È normale che in un governo allo sbando il ministro dell’economia Giovanni Tria smentisca l’esistenza del «miliardo» di euro «risparmiato» dal sussidio impropriamente detto «reddito di cittadinanza» da destinare alle «famiglie». Lo stesso che per il presidente «designato» dell’Inps Pasquale Tridico, il vicepremier doppio ministro Luigi Di Maio e il coro dei Cinque Stelle invece esiste. In una trasmissione Tv del mattino un insolito ciarliero Tria ha smontato una delle promesse elettorali per le europee di domenica richiamando una legge contabile: «Non sappiamo cosa sia questo miliardo. Se si spenderà meno di quanto preventivato si saprà a fine anno e non adesso – ha detto- È inoltre chiaro che queste spese non possono essere portate all’anno successivo».

«Le coperture ci sono – ha risposto Di Maio – Per me quando si decide dove destinare i soldi è la politica che lo decide non i tecnici». «Tria dia soluzioni e non ostacoli» ha aggiunto il sottosegretario M5s agli Affari Esteri, Manlio Di Stefano. Ai «gialli» del governo non è piaciuta l’incursione di Tria perché ha tolto dal giro di poker con i «verdi» della Lega il bluff. Quello che risponde all’altro bluff sul «Dl Sicurezza bis» di Salvini. Di Maio ha esposto il modo in cui intende investire il denaro «risparmiato», in realtà frutto di un errore di valutazione sulla platea potenziale dei destinatari del «reddito». «Lo vogliamo investire grazie al fondo che ogni 4 mesi raccoglie gli avanzi non utilizzati per la misura di sostegno» ha detto. E, in più ha annunciato un decreto ministeriale «che sarà scritto con le famiglie». Sempre che i «tecnici» di via XX settembre non blocchino questa annunciata consultazione con le organizzazioni che premono per ottenere il «miliardo».

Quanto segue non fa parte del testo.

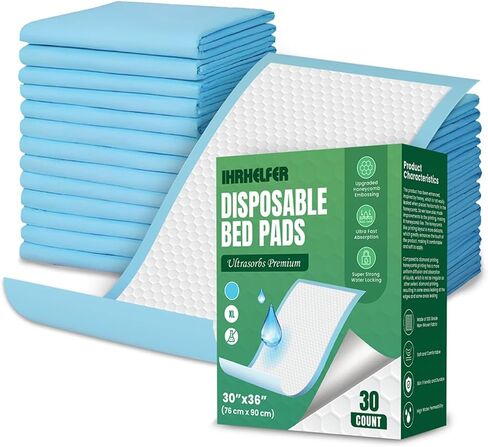 Premium Disposable Chucks Pads for Adult (30"x36", 30 Count) 6-Layer Bed Protector Pads Incontinence Underpads, Hospital Heavy Duty Ultra Absorbent Chux, Pee Pads for Kids Elderly, Puppy Training Pads in Saudi Arabia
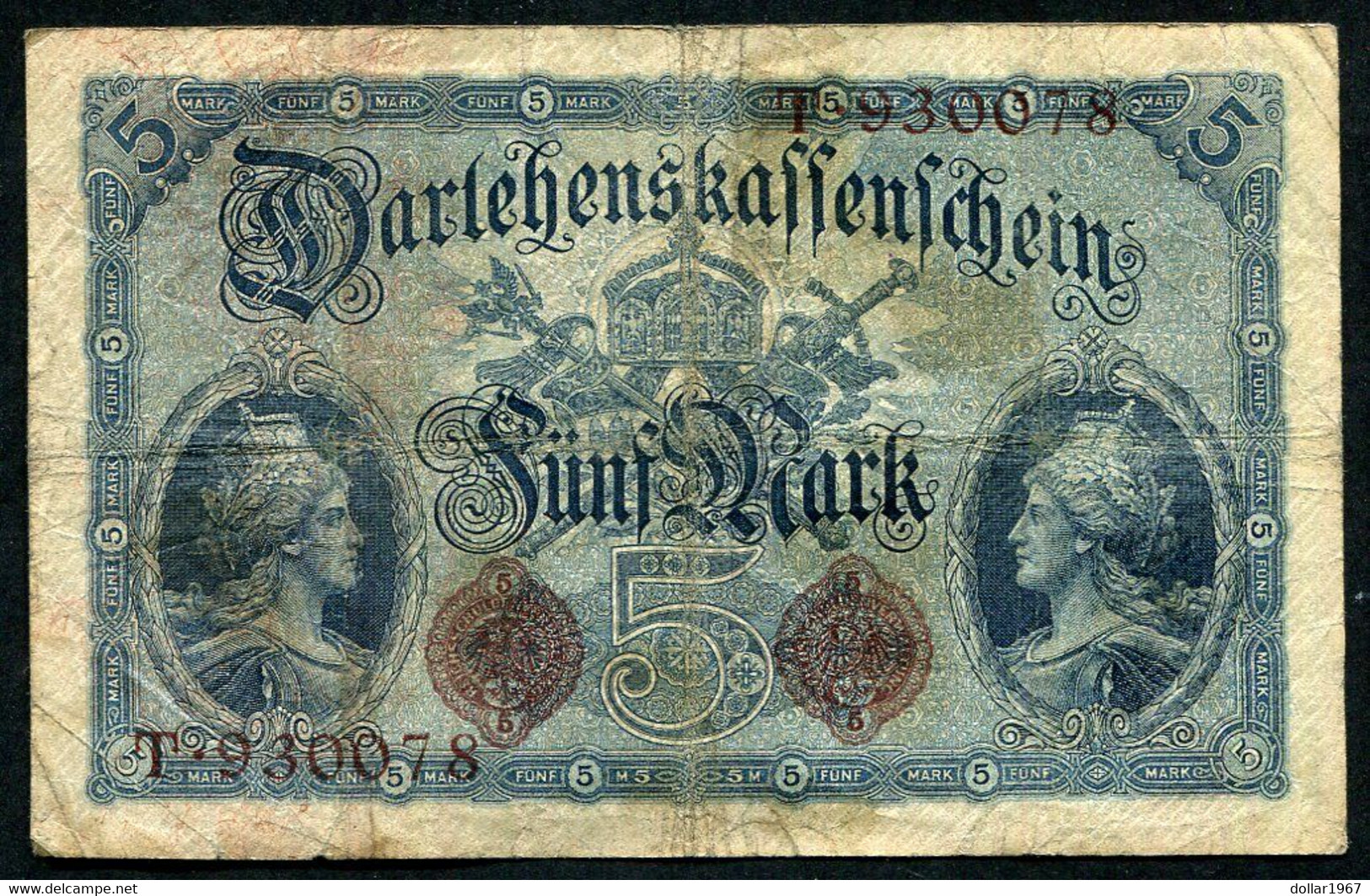 Germany - Duitsland ,6stellig ( A )  Ersten Weltkriegs , 5 Mark  1914-1918 - NR T 930078 - 5 Mark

La settimana scorsa i Cinque Stelle hanno accusato il ministro per la «famiglia» Fontana di sabotare il «loro» decreto per l’estensione e il rafforzamento del «bonus bebé». Ieri l’emendamento al «dl crescita» alla Camera – il provvedimento approvato un paio di volte dal consiglio dei ministri . è stato dichiarato «inammissibile». In compenso è restato l’altro emendamento del Carroccio che chiede detrazioni fiscali per l’acquisto di latte e pannolini. I leghisti hanno presentato ricorso e ieri speravano nella riammissione. Di Maio ha concluso che «le famiglie non sono un argomento elettorale». Il «decreto famiglia non è da approvare prima del voto».

Tria ha definito gli 80 euro di Renzi ««un provvedimento fatto male». Per istituire la «flat tax» saranno «riassorbiti». E poi ha ribadito l’avvertimento alla Lega: la flat tax «non potrà essere fatta tutta insieme» e per la quale «evidentemente si deve contenere la spesa». Il 27 maggio non sarà un nuovo inizio, ma la continuazione dell’agonia.